What do we want from our work? A big salary or modern office? Maybe opportunities to give back or to travel abroad? For most of us, a satisfying working life probably combines a mixture of these elements. Whilst meaningful work looks different for each of us, we can agree that today it hinges on much more than salary.
Gone are the days of working for one company for our entire career – in fact, today’s emerging workforce isn’t necessarily assuming that they’ll work for someone else at all. The rise of freelancers, remote working and the gig economy all signal a shift away from the traditional office based 9 to 5. The boundary between our working lives and home lives is becoming increasingly blurred. We’re seeing greater alignment between our needs and values inside and outside of work. Unlike in the past, we’re tailoring our working lives to ourselves, rather than the other way around.

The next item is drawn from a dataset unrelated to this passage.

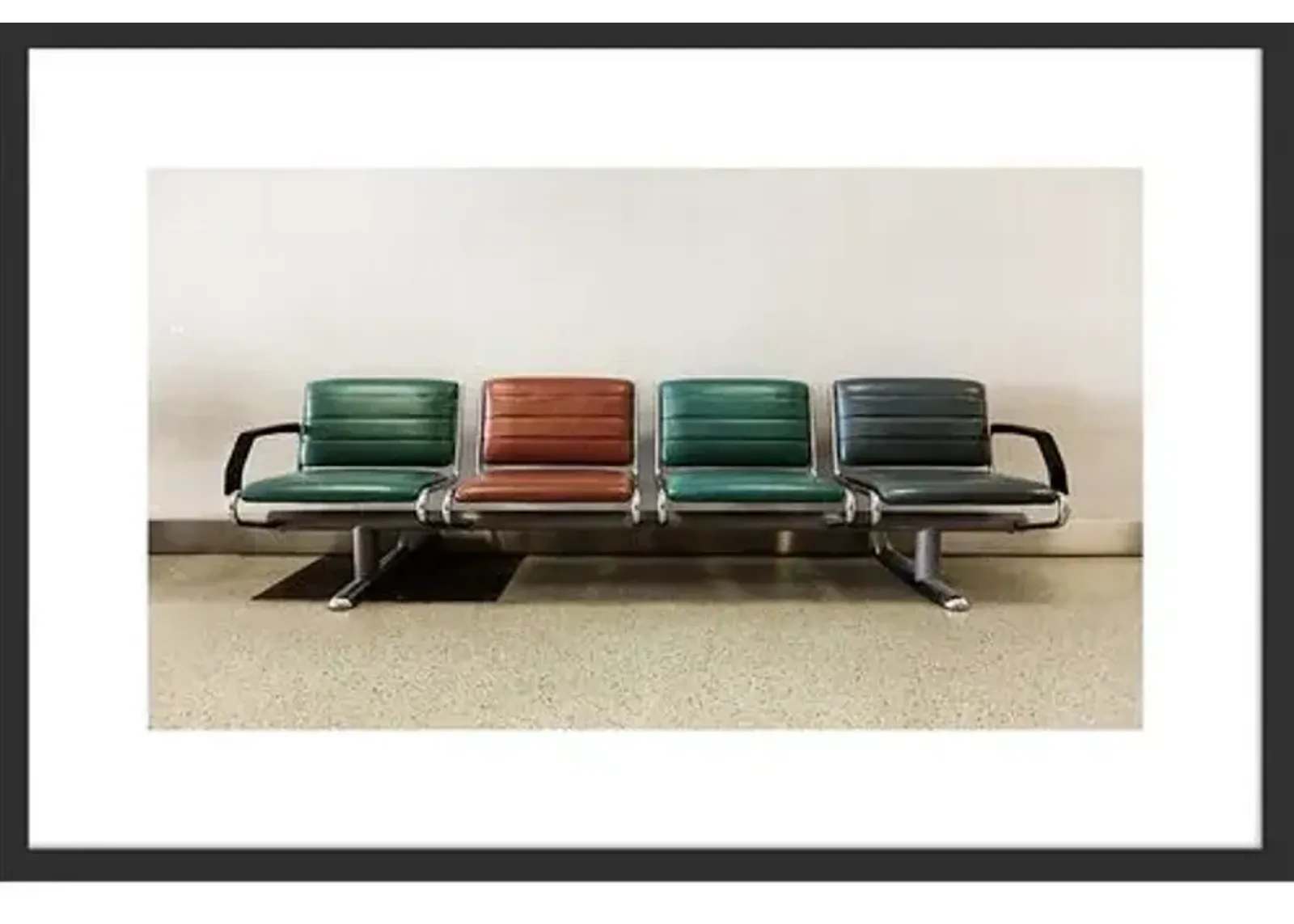 Jeff Seltzer - Airport Chairs V2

Driving this change is the emerging workforce. Millennials and Gen Z are leading the way when it comes to seeking a ‘full package’ from employers, not just a big salary. It’s not only the emerging workforce that are onboard with this shift, but we’re also seeing people well into their working lives ditching traditional careers to start their own businesses, or share their wealth of knowledge with startups. Although the attitudes of different generations of workforces are not necessarily the same, the similarities in what they’re seeking from their work signals a more universal shift in our working world.
As we reimagine our working world, how do employers ensure they offer work that their employees find not only satisfying, but meaningful?
Much more than the personal satisfaction of a job well done, we’re looking for our employers to operate with a sense of purpose in mind. Building on a businesses’ mission statement and values, it’s key for businesses to practise what they preach and put those beliefs into action.
It’s no surprise then that both employers and employees are placing increasing focus on a synergy between personal and company values. As the gap between our work and personal personas narrows, we’re no longer relegating the causes we care about to our personal time, but bringing them into the boardroom. Whether that’s nurturing new talent or fundraising for a project that’s close to the company’s heart, it’s a consistent, local focus that CSR efforts are moving towards. In addition to day-to-day business successes, the sense that employees are working together towards a larger social purpose develops a strong sense of community.
Work. Eat. Sleep. Repeat. Sound familiar? The formerly fixed structure of our working days is undergoing a flexible facelift. We’re ditching doing the same repetitive tasks 9 to 5 at our desks in favour of more fluid ways of working. The rise of freelancing and the gig economy suggests that a flexible approach is beneficial for both employees and employers. Hiring on a short term basis offers a way to solve businesses’ immediate needs without the commitment of increasing head count.
Providing a flexible working space is another way to tailor working life to employee preferences. Going hand in hand with flexible schedules, when we’re in the office, it’s important to have a workspace that adapts to our needs. Break out spaces for innovations and soundproofed booths for phone calls, make for an environment that’s as agile as our ways of working. Giving employees the flexibility to work when, where and how they want is vital for creating a culture of trust.
As the conversation surrounding wellbeing and mental health continues to expand, employers are working to demonstrate a commitment to employee wellbeing. From guides for taking care of your wellbeing to educational mental health sessions, there’s plenty of practical steps for employers to take to show genuine care for their employees. Alongside first aiders that are ready to help in the event of physical injury, we’re now also seeing the rise of mental health first aiders. Training employees to deal with panic attacks and spot the signs of stress and depression builds a strong foundation for employees to feel cared for and supported.
Whilst educational tools and training are undoubtedly beneficial, it’s vital to ensure that the conversation around mental health extends beyond this. Today, employers are fostering company cultures that not only have increased awareness about mental health and wellbeing, but an open dialogue surrounding it as well.